Eu sabia que existia e sabia também que estava passando o melhor período da vida (depois dos 40, não é aqui que a vida realmente começa?) durante a geração do grotesco. Falo em termos de arte, mais precisamente em termos de arte musicais, tocada e cantada.
Como eu disse, eu sabia que existia, afinal é questão de ofício estar bem informado. O que é um jornalista que não sabe o que se passa no mundo? O que é um professor em sintonia com teorias e mais teorias? Sendo ambos e por isso sabedor do que nos ronda, me deparei com a concreta arapuca armada pelo circo televisivo das tardes de domingo da modernidade líquida (Bauman). Sim, não bastava saber, era preciso viver a queda ardilosamente preparada para aprisionar na vala as mentes e os corações da população. E perguntam o porquê da sociedade estar tão mal?
Por motivos de força maior – estava comemorando a Santa Páscoa num almoço fora de casa – acabei assistindo por alguns minutos a programação dominical televisiva. Bom… Não, mal… Quer dizer… O que era aquilo?! Aplausos? Apresentador enaltecendo a arte de cantar? Cantar? Daquele jeito, com aquela expressão corporal e sob aquilo que chamaram de… de… de música?! E a letra? Letra?! Não! A ausência dela, numa perfeita sintonia entre grunhidos, batidas sem sentido harmônico e mensagem (corpo e voz). Se o meio é mesmo a mensagem, ambos, daquilo que aparecia na TV, se completavam numa retroalimentação de mau gosto insuportável.
Chega. Basta! Não aceito mais isso! De hoje em diante vou militar no politicamente incorreto – de novo! – mas agora na área musical. Sim, é isso aí. Mas, não é como um bom jornalista – que acredito que sou – que vou informar a saída e nem como bom professor – que acredito: também sou – que vou ensinar a saída para essa mazela cultural, social, moral e de costumes. A descontaminação para esta geração – a de ontem de hoje e de amanhã – é a seresta.
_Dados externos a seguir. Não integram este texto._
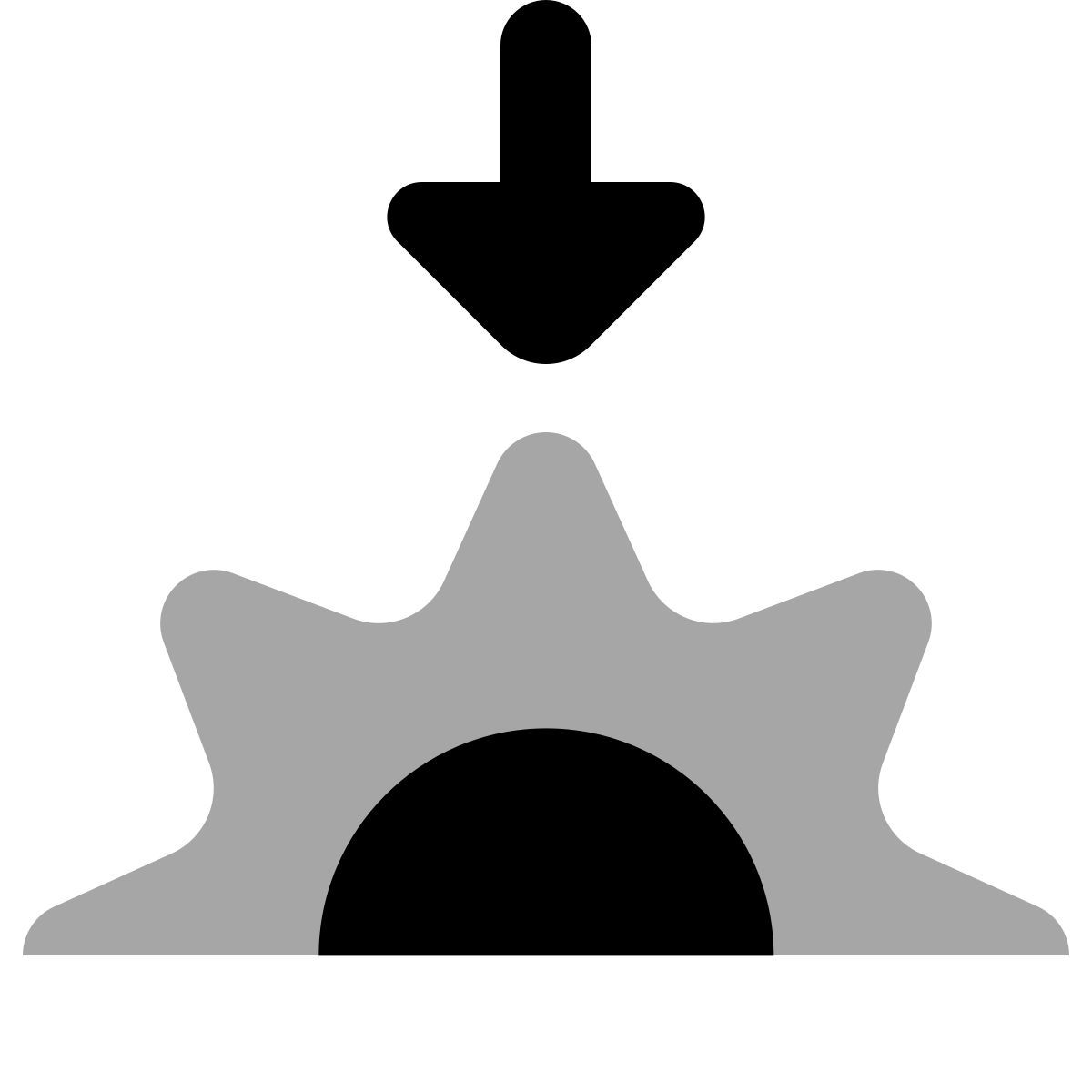 plumpy style закат солнца icon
Sim, estou escrevendo sobre aquele gênero – aqui cabe este termo e não em substituição ao sexo humano; mas isso é outra história! – “surgido no século XX, no Brasil, para rebatizar a mais antiga tradição de cantoria popular das cidades: a serenata” A citação é da Wikipedia (rechaçada bestamente por acadêmicos), que achei bonitinha e por isso citei-a. Esta é a saída à lá maniere brésilienne: a seresta. Perdoe a frasezinha em francês. É que também achei bonitinha e chique. Mas, é aqui, na seresta, que a alma da gente foi moldada, lá atrás, quando Sérgio Buarque de Holanda escrevia sobre ele, o brasileiro cordial, o mesmo que escutava, cantava e tocava serestas.
Se alguém duvida que a música – e outras artes – podem ajudar a moldar comportamentos (alma: vontade e a luz natural da razão), que vá estudar. A serenata vai voltar e vai cavar bem fundo até chegar novamente à alma verdadeira do brasileiro, que não é a que a mídia e o entretenimento alimentam, hoje.
Deixa ver, pois agora vou ali, cavoucar antiguidades (não velharias), dar um lustre nelas e botá-las para tocar. Vou separar repertório (já separei!), conseguir uma alma boa (olha ela de novo aí) que não deseje estar nos programas dominicais, mas que aspire, como eu, a tocar seu instrumento de cordas ou de teclas, onde o salário será um só: elevar e não afundar costumes que já foram tão caros para nós. Eis um servir ao Cristo no próximo. Estamos na Páscoa, lembra?
ps.: claro, se rolar um dim-dimzinho no final, ninguém vai brigar!